▶ [Task details] Every line of the listing below from the one with "Пробка со смещенным" up to and including the one with "Wizarding World Harry" should be retyped exactly, and nothing else; pictures are not part of the copy.

▶ [Given records]
⟨
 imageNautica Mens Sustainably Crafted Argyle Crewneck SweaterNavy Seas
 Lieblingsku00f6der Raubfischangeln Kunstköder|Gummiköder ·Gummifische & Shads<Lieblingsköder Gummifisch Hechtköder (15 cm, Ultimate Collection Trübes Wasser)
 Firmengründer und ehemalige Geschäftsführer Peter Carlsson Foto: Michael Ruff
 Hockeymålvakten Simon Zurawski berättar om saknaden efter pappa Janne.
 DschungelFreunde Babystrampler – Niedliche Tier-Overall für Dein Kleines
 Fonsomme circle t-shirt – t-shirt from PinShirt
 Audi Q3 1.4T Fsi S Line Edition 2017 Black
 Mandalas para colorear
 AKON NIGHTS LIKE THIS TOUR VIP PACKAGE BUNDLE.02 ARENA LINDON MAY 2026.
⟩
⟨
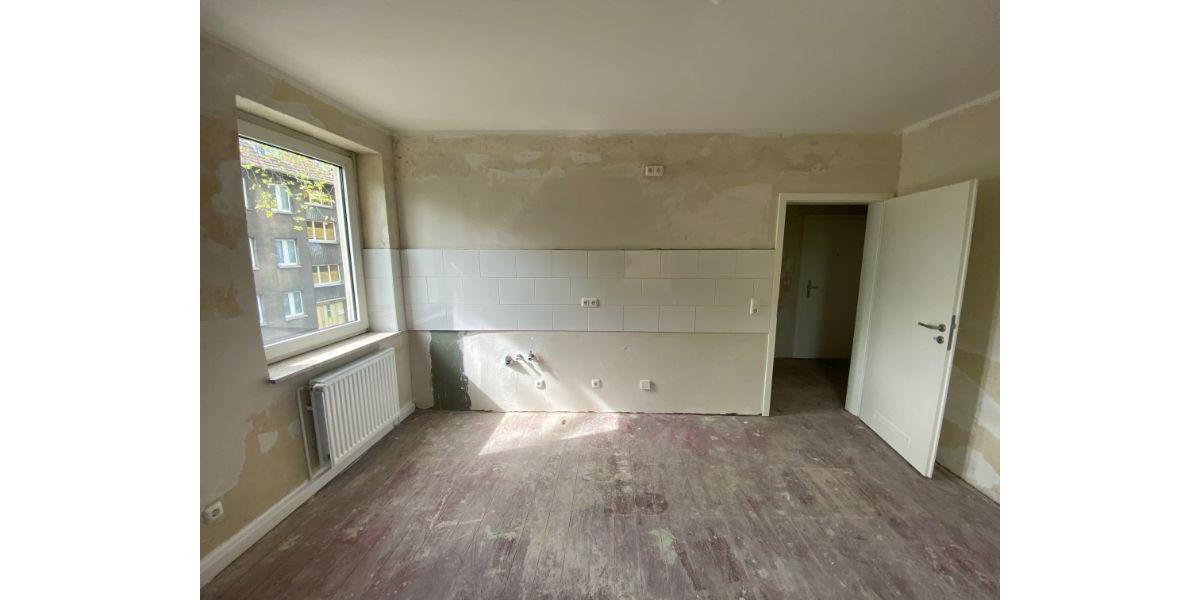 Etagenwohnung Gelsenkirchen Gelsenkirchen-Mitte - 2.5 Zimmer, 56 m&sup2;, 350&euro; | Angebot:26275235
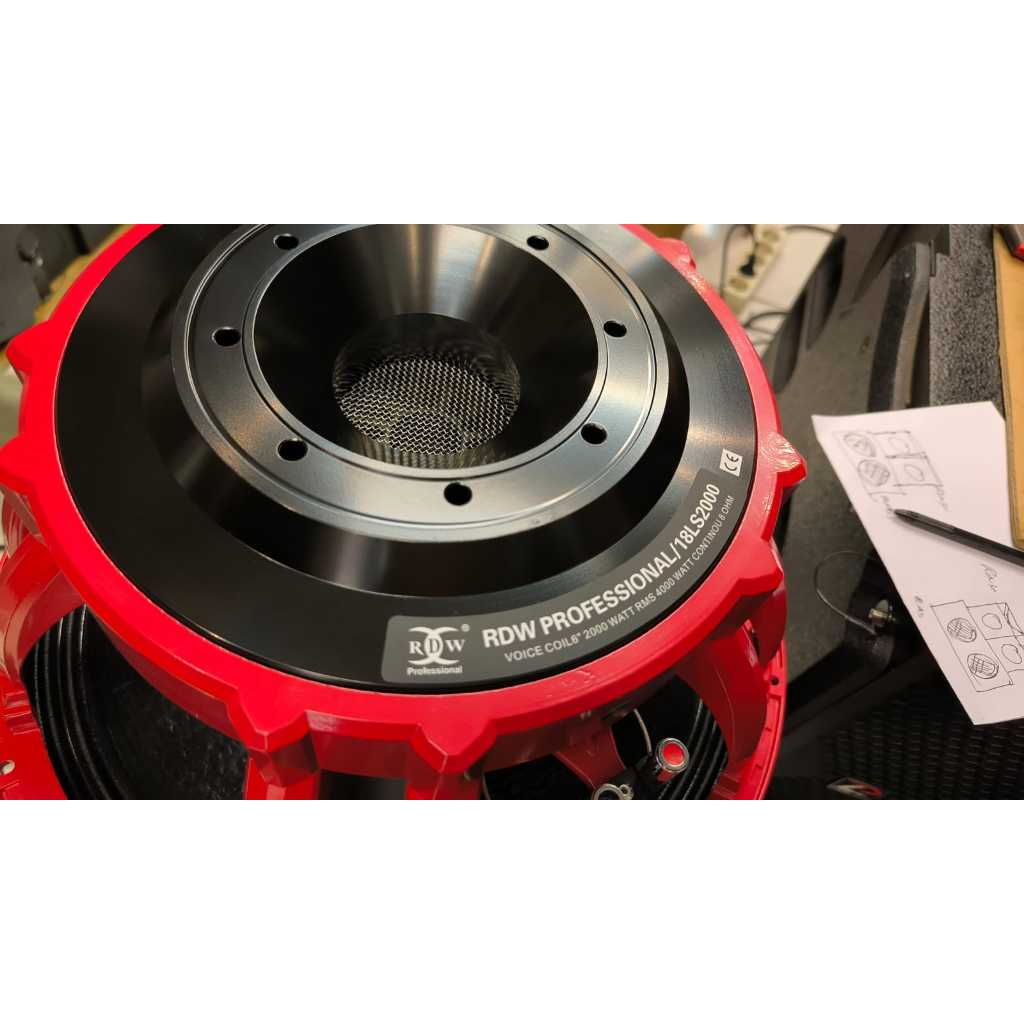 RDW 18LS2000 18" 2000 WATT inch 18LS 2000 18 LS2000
⟩
⟨
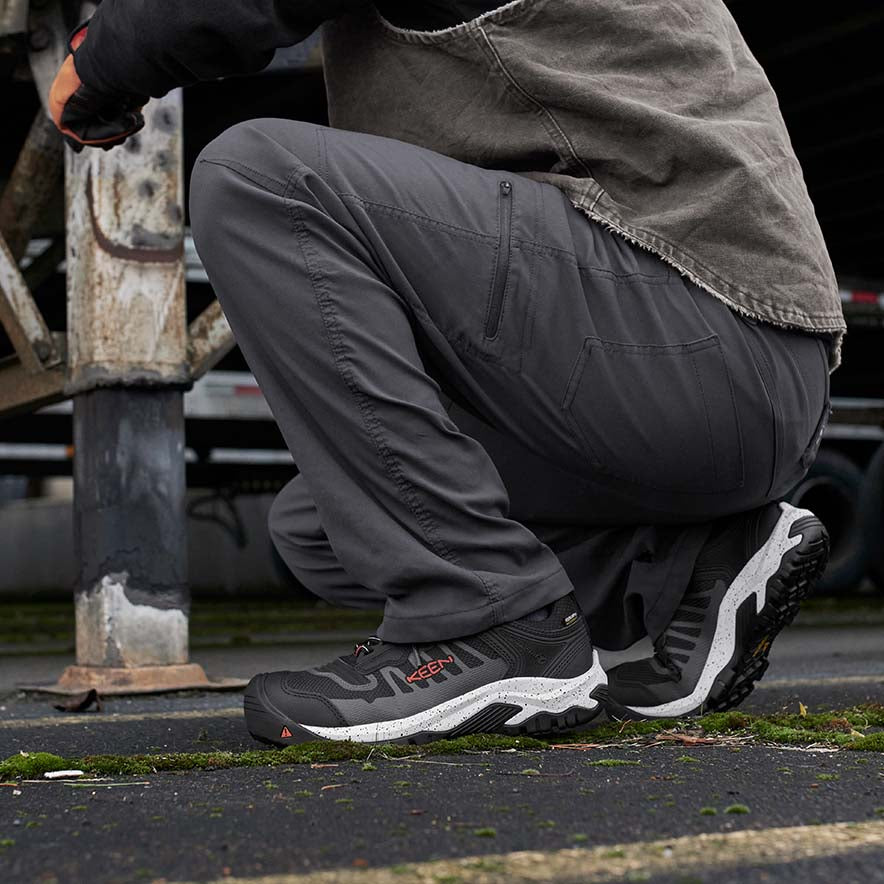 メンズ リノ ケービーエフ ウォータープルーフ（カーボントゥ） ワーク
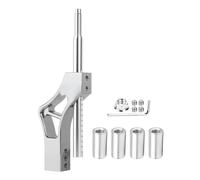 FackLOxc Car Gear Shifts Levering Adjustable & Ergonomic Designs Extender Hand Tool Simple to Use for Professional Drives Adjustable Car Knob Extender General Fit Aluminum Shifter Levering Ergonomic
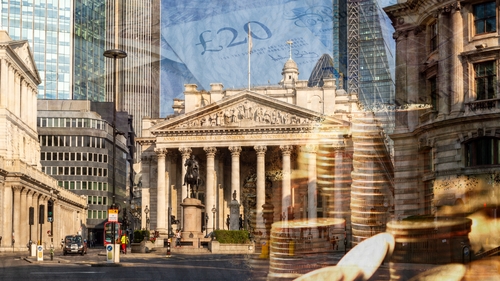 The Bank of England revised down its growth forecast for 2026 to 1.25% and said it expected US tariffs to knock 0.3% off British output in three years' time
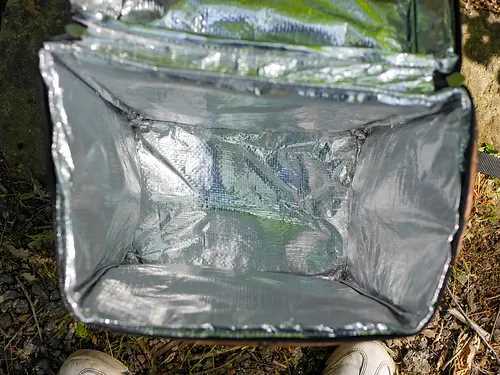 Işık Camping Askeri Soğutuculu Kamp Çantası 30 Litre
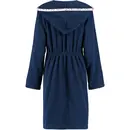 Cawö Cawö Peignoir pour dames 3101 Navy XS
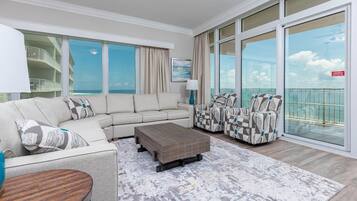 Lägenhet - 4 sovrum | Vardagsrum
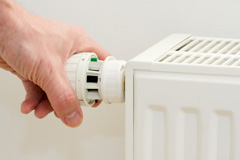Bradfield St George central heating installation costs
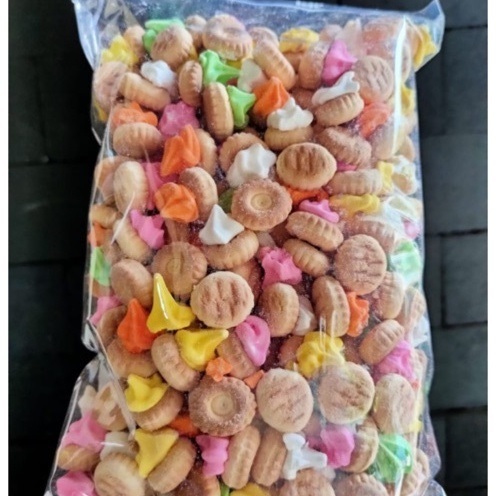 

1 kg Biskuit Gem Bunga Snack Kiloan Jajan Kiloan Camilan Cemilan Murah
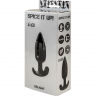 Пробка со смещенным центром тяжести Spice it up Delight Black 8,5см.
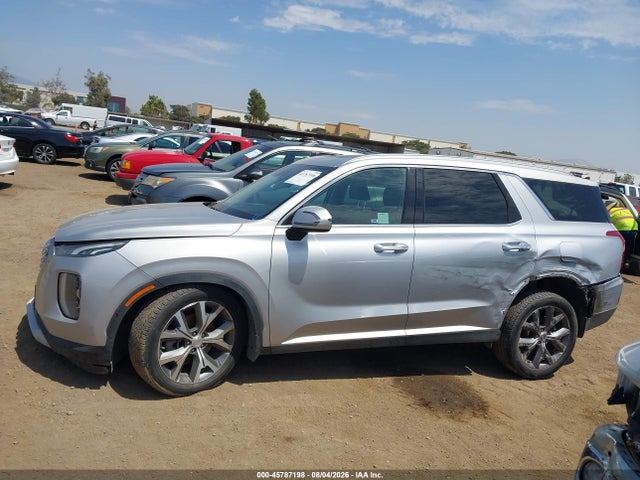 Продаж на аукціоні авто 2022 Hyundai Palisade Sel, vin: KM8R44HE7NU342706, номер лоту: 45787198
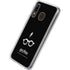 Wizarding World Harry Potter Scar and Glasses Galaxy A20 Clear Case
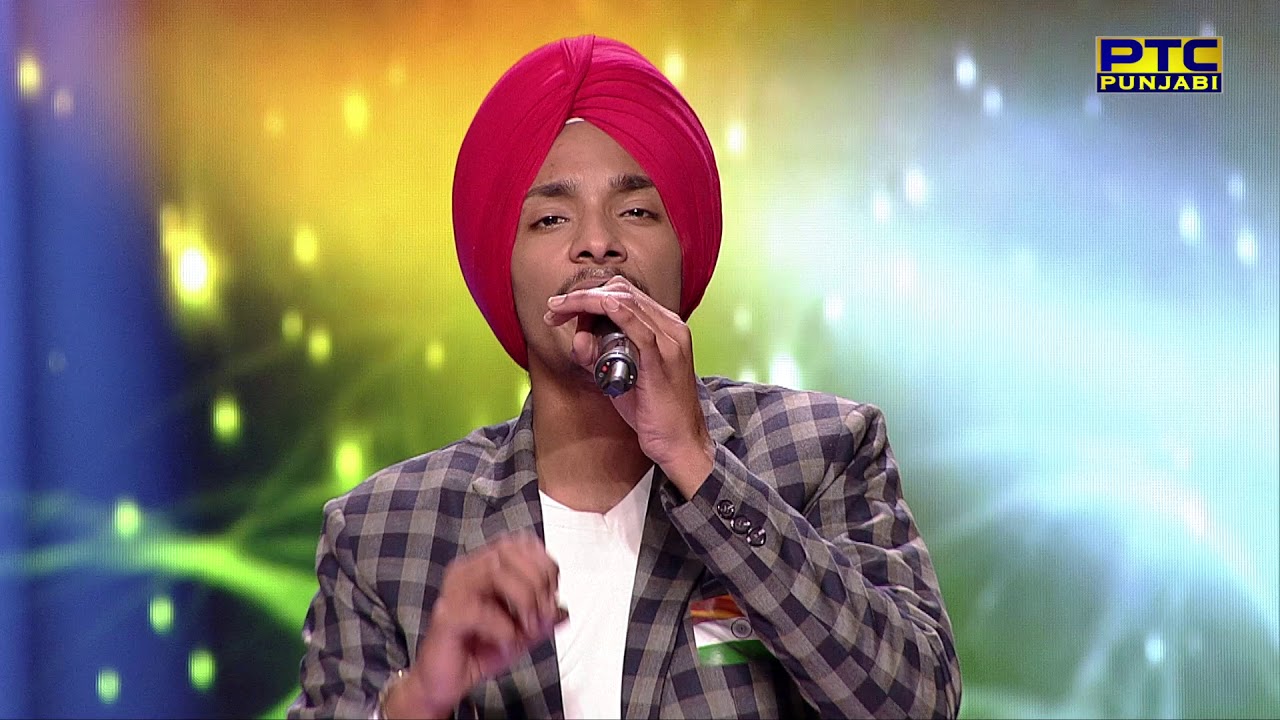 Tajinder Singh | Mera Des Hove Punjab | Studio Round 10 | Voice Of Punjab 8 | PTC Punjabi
⟩
▶ [Reply to the exercise]
 Пробка со смещенным центром тяжести Spice it up Delight Black 8,5см.
 Продаж на аукціоні авто 2022 Hyundai Palisade Sel, vin: KM8R44HE7NU342706, номер лоту: 45787198
 Wizarding World Harry Potter Scar and Glasses Galaxy A20 Clear Case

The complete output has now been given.